Rashid al-Ghannushi (leader del partito islamico tunisino “al-Nahda”; vive in esilio a Londra (N.d.T.) ) ritiene che lo stato islamico sia un sistema politico e sociale definito dal fatto di attenersi all’autorità del testo rivelato e della Sunna – considerati come la suprema fonte del diritto – e dal fatto di fare riferimento al principio della Shura come fonte di legittimazione, ovvero al principio in base al quale la comunità è ritenuta la fonte di legittimazione del governo e dei governanti (il principio della Shura [che letteralmente vuol dire ‘consiglio’ o ‘consultazione’], è un elemento centrale nel dibattito sulle riforme politiche all’interno del pensiero islamico contemporaneo; si tratta di un principio presente all’interno del Corano stesso, che gioca un ruolo considerato da molti come “parallelo” al ruolo giocato dal principio democratico all’interno del pensiero politico occidentale (N.d.T.) ).

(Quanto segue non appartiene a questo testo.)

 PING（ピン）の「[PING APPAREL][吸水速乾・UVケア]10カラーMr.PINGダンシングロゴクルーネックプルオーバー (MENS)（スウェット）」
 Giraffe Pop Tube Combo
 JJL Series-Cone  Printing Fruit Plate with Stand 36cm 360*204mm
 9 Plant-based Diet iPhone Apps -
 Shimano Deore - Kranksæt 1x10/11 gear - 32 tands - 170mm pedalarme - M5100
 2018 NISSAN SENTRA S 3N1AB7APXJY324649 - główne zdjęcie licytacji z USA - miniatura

Lo stato islamico e lo stato moderno
Esaminando le definizioni e le concezioni fin qui esposte, sembra emergere che gli islamici abbiano superato la fase in cui il concetto di stato islamico si avvicinava essenzialmente ad un modello ideale, definito tramite una serie di negazioni piuttosto che per mezzo di coordinate specifiche, e si siano dedicati al tentativo di “islamizzare” il concetto di “stato moderno”, o di inventare un modello composito che abbia un carattere “civile” ed “islamico” al tempo stesso. Da qui segue la confusione e la difficoltà di distinguere fra stato islamico e califfato islamico, e fra il concetto di “stato moderno” e il modello di “stato regionale” attualmente esistente. Da qui discendono anche gli interrogativi connessi a questo tema: il carattere islamico dello stato è legato al fatto che i suoi abitanti sono musulmani o alla natura del suo sistema di governo? E qual è il significato del carattere islamico dello stato? Esso è il contrario della miscredenza? O è l’applicazione della sharia?

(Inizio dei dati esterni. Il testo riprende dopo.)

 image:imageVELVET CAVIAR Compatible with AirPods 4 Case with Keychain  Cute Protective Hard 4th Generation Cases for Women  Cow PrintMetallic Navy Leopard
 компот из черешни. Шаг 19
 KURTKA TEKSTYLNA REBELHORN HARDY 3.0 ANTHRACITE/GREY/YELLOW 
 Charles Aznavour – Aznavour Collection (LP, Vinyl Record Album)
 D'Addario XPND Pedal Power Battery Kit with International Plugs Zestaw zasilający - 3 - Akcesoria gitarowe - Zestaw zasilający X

La polemica intorno alla quale si è concentrato il discorso islamico nelle circostanze storiche che lo hanno generato, e che poi hanno determinato il crollo del califfato e l’inizio dello scontro con il laicismo, ha influenzato la natura delle sue concezioni interpretative, portando ad una “diaspora” concettuale nel corso dei dibattiti sul multipartitismo e sulla Shura. I concetti che questa polemica ha sviluppato sono inappropriati ed inadeguati, in relazione ad un loro possibile ritorno all’interno del terreno concettuale islamico, poiché le loro radici non affondano più in esso.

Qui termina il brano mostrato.